The door was unlocked, but a small buzzer sounded as I pushed it open. The waiting-room was a large Victorian room with a decorated ceiling. There was a wide selection of slightly broken furniture with disembowelled copies of Woman’s Own strategically placed under notices about ante-natal clinics and repeat prescriptions. The notices were penned in strange angular lettering and held in place by crisp pieces of ancient sticking plaster.
In one corner of the waiting-room, painted white with the word ‘Surgery’ on it, was a hardboard box. It was large enough to contain a desk and two chairs. One chair was large, leather-covered and swivelled smoothly on ball-bearings; the other was narrow, sickly and lame in one leg. Dr Pike counted his fingertips methodically and revolved towards me. He was a large, impeccably groomed man of about fifty-two. His hair was like a black plastic swimming cap. His suit was made of thin uncreasable blue steel and so was his smile.

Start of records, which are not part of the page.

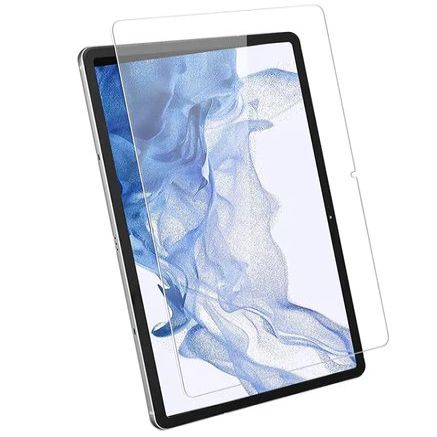 Защитное стекло Evelatus  Galaxy TAB A9 3x strong 0.33mm Flat Clear Glass Anti-Static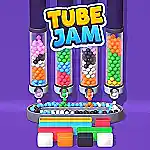 Play Tube Jam Puzzle online free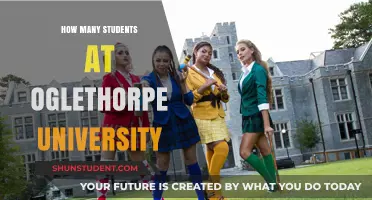 Oglethorpe University's Student Population: A Comprehensive Overview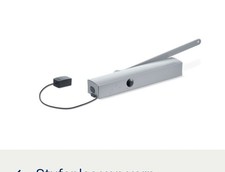 GEZE TS 5000 E Hy 3-6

‘Where’s the pain?’ he said. It was a joke. He smiled again to put me at my ease.
‘In my hand.’
‘Really? You really have a pain in your hand?’
‘Just when I put it in my pocket.’
Pike looked at me carefully and remembered that there are some people who mistake a friendly word for an invitation to be familiar. ‘I’m sure you were the life and soul of the sergeants’ mess.’
‘Let’s not exchange war experiences,’ I said.
‘Let’s not,’ he agreed.
On Pike’s desk there was a pen set, a large dog-eared desk-diary, a stethoscope, three prescription pads and a shiny brown ball about as big as a golf ball. He fingered the shiny sphere.